Au milieu des milliers d'histoires de Batman qui existaient déjà, "The Dark Prince Charming", une histoire en deux tomes conçue et réalisée par Enrico Marini fait beaucoup parler dans le monde de la bande dessinée depuis la sortie du premier tome à la fin de l'année dernière. D'une part parce qu'elle est l'oeuvre d'un Européen, presque une folie dans le milieu des Comics, mais aussi parce qu'elle remet en lumière le mythique personnage du Joker.
Copublié par Dargaud et DC Comics, ce diptyque de 150 pages trouve aussi son originalité dans l'univers de son auteur, Enrico Marini. Ce Bâlois d'origine italienne âgé de 48 ans est devenu ces dernières années un grand nom de la bande dessinée avec des séries à succès comme "Gipsy", "Rapaces", "L'Etoile du désert", "Le Scorpion" et plus récemment "Les Aigles de Rome". Des vampires aux épopées romaines en passant par le western, Marini brille par la diversité de sa matière et il n'est pas étonnant de le retrouver dans la noirceur crasse de Gotham City.
Carte blanche pour Marini
Quand on lui a proposé de réécrire l'histoire de Batman, Enrico Marini s'est tout d'abord dit "Merde je n'ai pas le temps", car il travaillait à ce moment-là à de multiples autres projets. Mais "on ne peut pas dire non à Batman", confie-t-il dans des interviews accordés au 19h30 et à Vertigo sur la RTS. Et d'ajouter: "J'ai grandi avec Batman et c'était l'un des personnages de Comics que je préférais en étant enfant. C'était donc un peu un retour à l'enfance que de s'intéresser à lui."

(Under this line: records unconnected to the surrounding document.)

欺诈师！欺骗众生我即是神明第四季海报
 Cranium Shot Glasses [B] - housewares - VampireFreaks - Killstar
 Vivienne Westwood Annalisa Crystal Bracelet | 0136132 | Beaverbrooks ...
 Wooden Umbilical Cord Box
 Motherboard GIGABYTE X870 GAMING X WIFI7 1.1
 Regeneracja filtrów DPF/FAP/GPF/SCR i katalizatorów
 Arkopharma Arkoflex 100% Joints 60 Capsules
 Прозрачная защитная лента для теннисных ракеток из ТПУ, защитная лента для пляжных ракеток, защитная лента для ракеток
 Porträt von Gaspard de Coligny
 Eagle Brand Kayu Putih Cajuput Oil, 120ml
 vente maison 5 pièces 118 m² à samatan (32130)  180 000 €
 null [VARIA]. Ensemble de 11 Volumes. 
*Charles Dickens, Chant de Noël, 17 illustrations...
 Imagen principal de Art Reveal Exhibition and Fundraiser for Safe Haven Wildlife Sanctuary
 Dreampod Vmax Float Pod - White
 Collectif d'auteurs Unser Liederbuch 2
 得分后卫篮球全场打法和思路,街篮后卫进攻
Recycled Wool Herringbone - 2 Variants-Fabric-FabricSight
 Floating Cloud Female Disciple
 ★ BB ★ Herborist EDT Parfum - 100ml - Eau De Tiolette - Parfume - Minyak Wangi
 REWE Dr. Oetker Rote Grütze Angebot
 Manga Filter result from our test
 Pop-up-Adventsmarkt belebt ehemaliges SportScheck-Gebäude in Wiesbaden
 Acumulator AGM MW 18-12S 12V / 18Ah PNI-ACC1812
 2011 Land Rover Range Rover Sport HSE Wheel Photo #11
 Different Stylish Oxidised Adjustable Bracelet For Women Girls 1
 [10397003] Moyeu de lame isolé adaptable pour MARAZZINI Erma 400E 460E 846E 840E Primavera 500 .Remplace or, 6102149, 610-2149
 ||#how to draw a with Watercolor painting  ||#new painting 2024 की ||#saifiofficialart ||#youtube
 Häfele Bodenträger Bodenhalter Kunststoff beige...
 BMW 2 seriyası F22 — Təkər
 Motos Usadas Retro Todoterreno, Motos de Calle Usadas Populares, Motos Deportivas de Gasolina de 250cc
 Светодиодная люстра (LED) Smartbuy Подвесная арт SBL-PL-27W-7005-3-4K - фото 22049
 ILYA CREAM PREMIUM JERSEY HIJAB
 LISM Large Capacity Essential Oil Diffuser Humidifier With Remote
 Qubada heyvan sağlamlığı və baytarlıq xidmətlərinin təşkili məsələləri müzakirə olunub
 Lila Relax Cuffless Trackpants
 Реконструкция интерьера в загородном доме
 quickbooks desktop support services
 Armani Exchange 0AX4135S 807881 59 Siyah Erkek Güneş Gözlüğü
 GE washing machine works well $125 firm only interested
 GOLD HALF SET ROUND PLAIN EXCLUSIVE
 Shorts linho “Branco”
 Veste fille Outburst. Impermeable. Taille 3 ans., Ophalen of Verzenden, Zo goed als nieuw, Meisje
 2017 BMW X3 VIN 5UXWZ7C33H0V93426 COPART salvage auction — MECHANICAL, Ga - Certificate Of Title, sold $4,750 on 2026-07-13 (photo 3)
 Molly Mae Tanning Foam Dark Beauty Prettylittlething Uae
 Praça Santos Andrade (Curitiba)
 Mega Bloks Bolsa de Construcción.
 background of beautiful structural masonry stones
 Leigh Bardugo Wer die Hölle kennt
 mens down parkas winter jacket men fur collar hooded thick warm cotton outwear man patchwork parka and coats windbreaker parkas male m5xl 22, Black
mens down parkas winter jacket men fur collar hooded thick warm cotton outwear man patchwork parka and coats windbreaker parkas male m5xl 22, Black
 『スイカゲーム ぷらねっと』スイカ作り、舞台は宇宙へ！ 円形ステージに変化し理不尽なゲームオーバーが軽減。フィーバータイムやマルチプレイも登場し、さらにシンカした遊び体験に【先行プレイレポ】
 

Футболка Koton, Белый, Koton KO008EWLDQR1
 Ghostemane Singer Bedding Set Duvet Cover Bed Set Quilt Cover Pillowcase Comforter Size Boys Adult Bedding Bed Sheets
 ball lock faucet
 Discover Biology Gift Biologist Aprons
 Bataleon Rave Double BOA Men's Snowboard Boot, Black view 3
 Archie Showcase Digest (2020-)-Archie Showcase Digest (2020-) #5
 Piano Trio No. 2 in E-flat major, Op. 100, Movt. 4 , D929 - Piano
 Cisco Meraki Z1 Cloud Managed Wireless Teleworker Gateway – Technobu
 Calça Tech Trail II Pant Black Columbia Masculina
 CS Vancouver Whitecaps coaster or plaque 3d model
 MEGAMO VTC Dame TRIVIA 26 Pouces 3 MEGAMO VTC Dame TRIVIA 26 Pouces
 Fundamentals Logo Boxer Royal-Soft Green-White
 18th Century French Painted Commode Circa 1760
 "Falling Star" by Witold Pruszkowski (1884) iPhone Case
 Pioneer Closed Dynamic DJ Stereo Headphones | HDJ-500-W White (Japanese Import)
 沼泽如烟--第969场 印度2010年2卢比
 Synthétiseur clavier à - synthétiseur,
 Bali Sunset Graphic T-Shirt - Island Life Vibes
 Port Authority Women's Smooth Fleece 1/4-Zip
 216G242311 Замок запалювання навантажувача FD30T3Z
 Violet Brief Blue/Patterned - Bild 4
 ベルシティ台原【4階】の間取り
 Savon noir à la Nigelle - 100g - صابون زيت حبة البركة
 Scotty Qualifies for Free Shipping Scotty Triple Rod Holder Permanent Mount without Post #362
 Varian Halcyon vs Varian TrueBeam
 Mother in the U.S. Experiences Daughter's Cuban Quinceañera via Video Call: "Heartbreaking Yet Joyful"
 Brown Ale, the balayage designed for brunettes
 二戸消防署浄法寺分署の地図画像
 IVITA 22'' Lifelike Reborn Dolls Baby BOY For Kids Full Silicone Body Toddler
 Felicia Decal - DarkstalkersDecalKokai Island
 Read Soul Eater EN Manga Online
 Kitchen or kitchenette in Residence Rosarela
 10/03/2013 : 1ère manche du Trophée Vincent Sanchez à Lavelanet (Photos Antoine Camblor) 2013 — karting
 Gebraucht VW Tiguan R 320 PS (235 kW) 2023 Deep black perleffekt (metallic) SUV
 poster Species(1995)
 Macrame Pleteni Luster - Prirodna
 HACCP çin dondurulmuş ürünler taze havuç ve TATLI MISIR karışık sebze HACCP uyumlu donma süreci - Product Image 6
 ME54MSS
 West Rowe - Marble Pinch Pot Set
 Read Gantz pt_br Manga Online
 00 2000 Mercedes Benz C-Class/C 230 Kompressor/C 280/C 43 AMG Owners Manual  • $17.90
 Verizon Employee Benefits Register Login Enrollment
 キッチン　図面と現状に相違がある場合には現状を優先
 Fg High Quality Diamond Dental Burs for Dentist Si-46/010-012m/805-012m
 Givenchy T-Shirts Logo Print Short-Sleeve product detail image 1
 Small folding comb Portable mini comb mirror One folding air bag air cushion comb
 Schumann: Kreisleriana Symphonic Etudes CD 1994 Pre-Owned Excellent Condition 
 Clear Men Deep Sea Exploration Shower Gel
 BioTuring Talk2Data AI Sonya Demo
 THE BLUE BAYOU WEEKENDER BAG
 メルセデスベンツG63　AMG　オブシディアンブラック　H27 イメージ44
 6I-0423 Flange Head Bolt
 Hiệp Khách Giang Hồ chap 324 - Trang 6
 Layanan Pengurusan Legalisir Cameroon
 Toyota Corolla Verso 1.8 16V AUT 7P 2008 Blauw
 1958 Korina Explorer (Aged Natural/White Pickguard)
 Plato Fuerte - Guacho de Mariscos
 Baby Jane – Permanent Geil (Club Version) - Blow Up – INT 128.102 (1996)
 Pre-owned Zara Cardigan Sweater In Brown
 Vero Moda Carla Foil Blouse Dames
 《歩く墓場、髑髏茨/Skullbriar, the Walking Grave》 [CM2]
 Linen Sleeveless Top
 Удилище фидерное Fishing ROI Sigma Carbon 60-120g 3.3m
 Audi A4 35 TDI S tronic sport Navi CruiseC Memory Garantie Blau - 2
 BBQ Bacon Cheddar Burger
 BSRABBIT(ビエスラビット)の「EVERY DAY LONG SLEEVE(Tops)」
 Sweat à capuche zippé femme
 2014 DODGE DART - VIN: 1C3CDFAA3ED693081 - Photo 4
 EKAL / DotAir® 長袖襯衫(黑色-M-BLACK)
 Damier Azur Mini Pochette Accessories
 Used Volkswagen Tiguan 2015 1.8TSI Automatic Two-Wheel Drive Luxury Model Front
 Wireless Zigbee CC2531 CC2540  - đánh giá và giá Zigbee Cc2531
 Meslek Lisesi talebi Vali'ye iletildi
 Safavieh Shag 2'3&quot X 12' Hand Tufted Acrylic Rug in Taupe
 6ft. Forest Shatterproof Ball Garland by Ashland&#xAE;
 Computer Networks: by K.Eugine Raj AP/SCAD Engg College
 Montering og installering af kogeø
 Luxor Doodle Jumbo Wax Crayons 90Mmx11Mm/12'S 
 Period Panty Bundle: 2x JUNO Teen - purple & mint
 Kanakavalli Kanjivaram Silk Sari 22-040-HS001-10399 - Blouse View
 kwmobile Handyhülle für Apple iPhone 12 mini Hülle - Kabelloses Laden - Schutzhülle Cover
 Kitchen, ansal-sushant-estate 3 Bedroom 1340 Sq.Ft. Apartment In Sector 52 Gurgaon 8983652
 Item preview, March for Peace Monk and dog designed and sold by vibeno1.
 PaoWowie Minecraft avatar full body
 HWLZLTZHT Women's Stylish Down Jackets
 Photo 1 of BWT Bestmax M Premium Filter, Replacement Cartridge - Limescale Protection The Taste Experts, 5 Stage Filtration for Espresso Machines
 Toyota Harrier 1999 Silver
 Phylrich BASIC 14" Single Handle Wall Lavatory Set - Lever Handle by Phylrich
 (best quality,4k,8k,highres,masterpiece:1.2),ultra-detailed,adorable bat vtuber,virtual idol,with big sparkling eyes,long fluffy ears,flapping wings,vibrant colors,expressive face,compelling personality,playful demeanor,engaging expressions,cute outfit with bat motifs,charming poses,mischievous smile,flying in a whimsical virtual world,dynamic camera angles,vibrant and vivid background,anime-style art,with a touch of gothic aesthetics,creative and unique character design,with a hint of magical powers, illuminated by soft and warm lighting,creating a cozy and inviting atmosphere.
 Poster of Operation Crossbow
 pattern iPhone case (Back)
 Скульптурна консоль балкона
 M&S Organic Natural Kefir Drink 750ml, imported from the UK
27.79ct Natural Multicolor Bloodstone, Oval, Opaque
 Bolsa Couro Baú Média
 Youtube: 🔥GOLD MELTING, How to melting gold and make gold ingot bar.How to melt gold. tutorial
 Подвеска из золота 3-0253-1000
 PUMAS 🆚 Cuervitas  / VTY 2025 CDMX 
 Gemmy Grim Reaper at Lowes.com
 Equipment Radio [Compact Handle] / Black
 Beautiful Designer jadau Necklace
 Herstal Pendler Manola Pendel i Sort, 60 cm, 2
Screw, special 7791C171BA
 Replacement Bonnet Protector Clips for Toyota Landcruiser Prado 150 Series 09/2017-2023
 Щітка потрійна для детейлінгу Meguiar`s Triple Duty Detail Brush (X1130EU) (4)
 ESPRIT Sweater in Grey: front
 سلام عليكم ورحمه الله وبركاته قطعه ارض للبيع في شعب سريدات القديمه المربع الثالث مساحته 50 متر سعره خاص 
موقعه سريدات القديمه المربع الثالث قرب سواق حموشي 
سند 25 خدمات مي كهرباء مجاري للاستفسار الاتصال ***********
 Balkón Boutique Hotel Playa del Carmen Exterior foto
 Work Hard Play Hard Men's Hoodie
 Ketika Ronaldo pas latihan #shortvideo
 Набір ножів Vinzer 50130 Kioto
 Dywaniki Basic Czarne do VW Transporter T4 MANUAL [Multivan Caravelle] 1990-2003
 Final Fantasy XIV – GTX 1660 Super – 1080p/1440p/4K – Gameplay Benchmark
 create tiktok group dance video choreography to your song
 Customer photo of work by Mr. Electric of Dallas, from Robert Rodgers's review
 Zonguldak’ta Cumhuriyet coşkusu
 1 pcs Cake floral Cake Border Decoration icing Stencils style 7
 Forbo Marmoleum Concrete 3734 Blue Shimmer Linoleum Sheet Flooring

Enrico Marini précise que DC Comics, la maison d'édition qui détient les droits de Batman, lui a laissé carte blanche pour écrire son scénario, mais qu'il savait jusqu'où il pouvait aller et les limites à ne pas franchir. "Il était important que je respecte l'univers de Batman, que je ne m'en moque pas", confie l'auteur bâlois. Il a donc pris le temps pour trouver une bonne idée, s'approprier le personnage de Batman et lui insuffler sa patte tout en respectant la mythologie du justicier masqué.
Celui qui a véritablement été révélé par sa série "Le Scorpion" dit avoir tout de suite su comment représenter Batman et son univers. "J'aurais pu créer un univers plus fou et déjanté, mais je n'en avais pas vraiment envie et je me suis surtout fait plaisir." Et comme il en a l'habitude, Marini a tout fait dans ses BD, du scénario au dessin, une démarche qui frappe dans le milieu des Comics où l'on travaille surtout en équipe, avec un scénariste, un dessinateur, un coloriste et même des gens qui s'occupent du lettrage.
Une attirance pour le Joker
Le point de départ de l'histoire est le kidnapping d'une fillette qui pourrait être l'enfant cachée de Batman. Les soupçons se portent évidemment sur le Joker et commence alors un jeu de chat et souris qui met une nouvelle fois en exergue la rivalité inaltérable entre l'homme aux oreilles de chauve-souris et son meilleur ennemi au sourire sardonique.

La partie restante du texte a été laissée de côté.